A weaker yen makes Japan-made products more price competitive overseas and lifts income earned abroad when repatriated. For example, each time the dollar strengthens by ¥1, Toyota’s annual operating profit rises by ¥40 billion (about $333 million). The world’s biggest carmaker by volume expects a record operating profit of ¥2.5 trillion in the current business year through March.

The profit forecasts by the three securities houses are based on an average exchange rate of ¥108.0 to ¥115.0 to the dollar for fiscal 2015, versus their ¥105.5 to ¥109.0 assumed average rate for fiscal 2014.

The dollar’s recent level around ¥120 leaves plenty of room for even higher growth at Japanese manufacturers, strategists said.

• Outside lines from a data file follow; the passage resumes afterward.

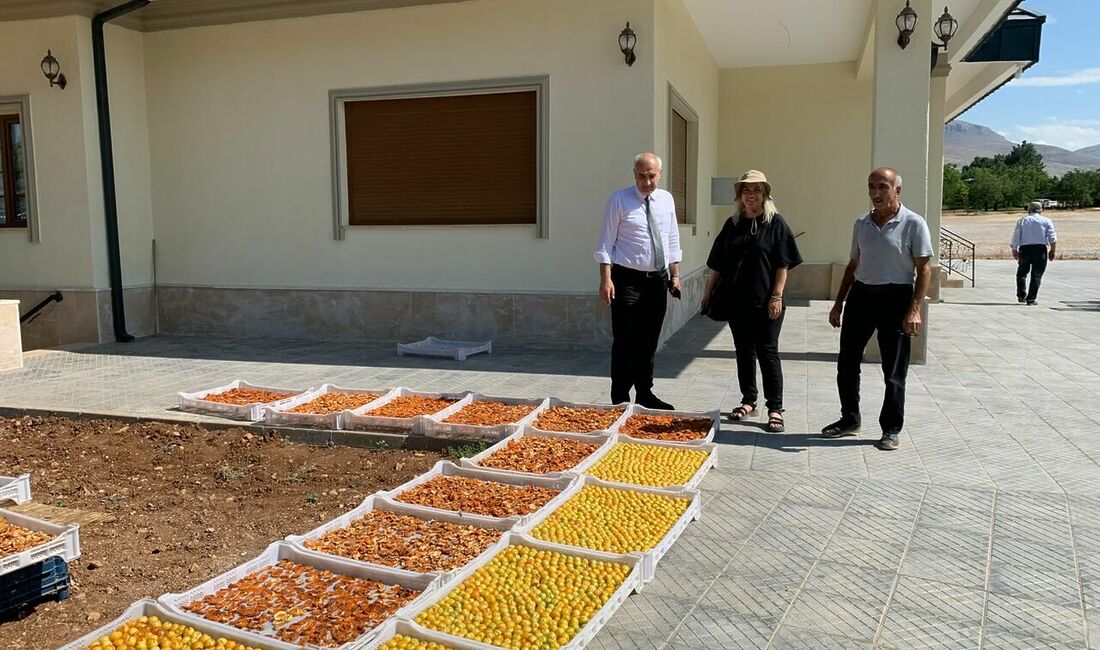 Malatya’nın dünya markası olan stratejik ürünü kayısıda hasat dönemi tüm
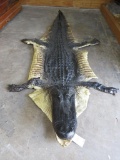 SUPER COOL Alligator Hide TAXIDERMY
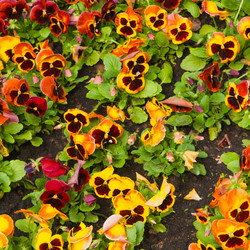 Similar image 1070355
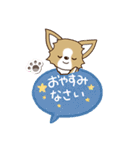 『チワワ 犬スタンプ』吹き出し（個別スタンプ：31）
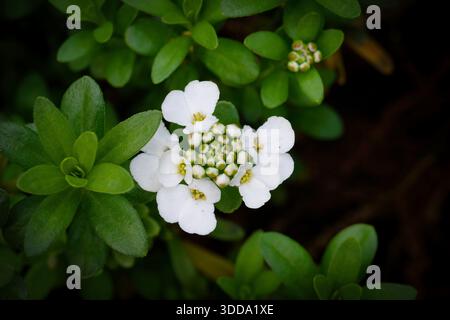 Zarte weiße Candytuft-Blüten im Frühling. Makroaufnahme mit leuchtend grünen Blättern, die auf die komplizierte Blumenstruktur fokussiert sind. Natur pur Stockfoto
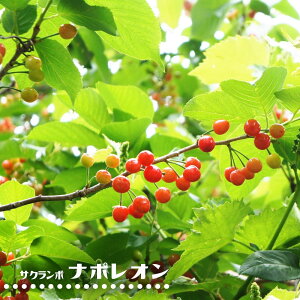 ڂ̖ yi|Iz 2Nږ OXbgA ̔ y\̔z10`11ח\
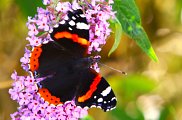 Red Admiral 2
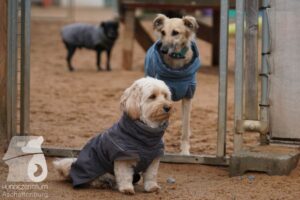 Hutamix-25-03-w24-172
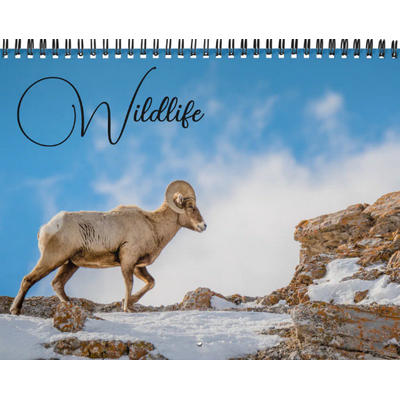 National Parks Wildlife Calendar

Hisao Matsuura, a senior strategist at Nomura Securities, said he estimates every ¥1 appreciation of the dollar will raise major Japanese firms’ pretax profit by 0.7 percent in fiscal 2015.

An additional push will come from the recent plunge in global oil prices, which will reduce the fuel costs of airlines, shipping and other transportation companies.

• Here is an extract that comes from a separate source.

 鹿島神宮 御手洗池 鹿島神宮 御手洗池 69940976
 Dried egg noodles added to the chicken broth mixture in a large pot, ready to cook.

Similarly, rubber products makers like Bridgestone Corp., as well as plastic and other industrial material manufacturers, will be able to trim costs to purchase materials derived from crude oil.

In turn, companies with reduced operating costs will be able to offer services and products at lower prices, spurring domestic consumption that slumped sharply after the consumption tax was raised to 8 percent from 5 percent in April, economists said.

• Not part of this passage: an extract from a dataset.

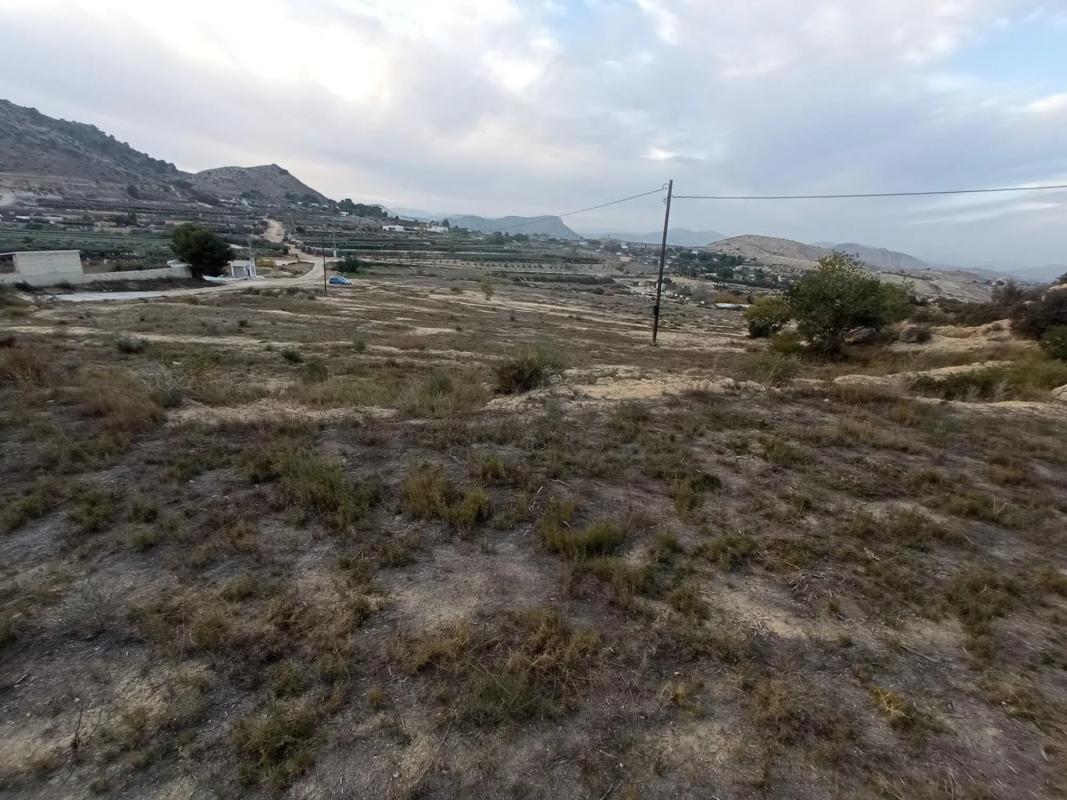 Działka na sprzedaż w Aspe, Alicante photo 4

JAL and ANA already plan to cut fuel surcharges on their international flights from February, a move that could spark travel demand.

“This (drop in oil prices) is an enormous advantage to Japan,” said Robert Feldman, chief economist at Morgan Stanley MUFG in Tokyo.

Feldman said that more than ¥5 trillion in demand, equivalent to lowering the consumption tax by 2 percentage points, will be created as long as oil prices stay around current levels.

Reignited demand will turn around the outlook for firms operating mainly in the domestic market and reeling from the lingering effect of the consumption tax hike, strategists said.

The fading impact of the tax increase and expected wage hikes will lift pretax profit in the retail sector 13.8 percent in fiscal 2015, a major turnaround from a 0.9 percent fall in fiscal 2014, Nomura estimates.

But the weaker yen, and even the sharp drop in global crude oil prices, as long as it lasts, can harm some Japanese companies, especially when changes occur too fast to allow for an adequate response.

A weakened yen makes imports of raw materials and other ingredients more expensive for paper-making and food companies, while the drop in crude oil prices remains a big headache for oil refiners like JX Holdings Inc. and trading houses such as Sumitomo Corp., which have invested heavily in oil exploration.

The murky outlook for Russian and some other oil-producing countries’ economies following the collapse in oil prices could also pose a serious challenge to companies aggressively tapping into emerging countries, strategists said.